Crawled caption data
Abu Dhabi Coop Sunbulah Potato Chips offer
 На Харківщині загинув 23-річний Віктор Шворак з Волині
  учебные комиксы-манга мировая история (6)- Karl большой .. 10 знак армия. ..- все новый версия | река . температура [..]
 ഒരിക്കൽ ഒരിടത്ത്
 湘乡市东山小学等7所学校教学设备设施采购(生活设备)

DIRECTIONS FOR THIS TASK:
Give the data again in full, keeping every line as it was.

RESPONSE TO THIS TASK:
Abu Dhabi Coop Sunbulah Potato Chips offer
 На Харківщині загинув 23-річний Віктор Шворак з Волині
  учебные комиксы-манга мировая история (6)- Karl большой .. 10 знак армия. ..- все новый версия | река . температура [..]
 ഒരിക്കൽ ഒരിടത്ത്
 湘乡市东山小学等7所学校教学设备设施采购(生活设备)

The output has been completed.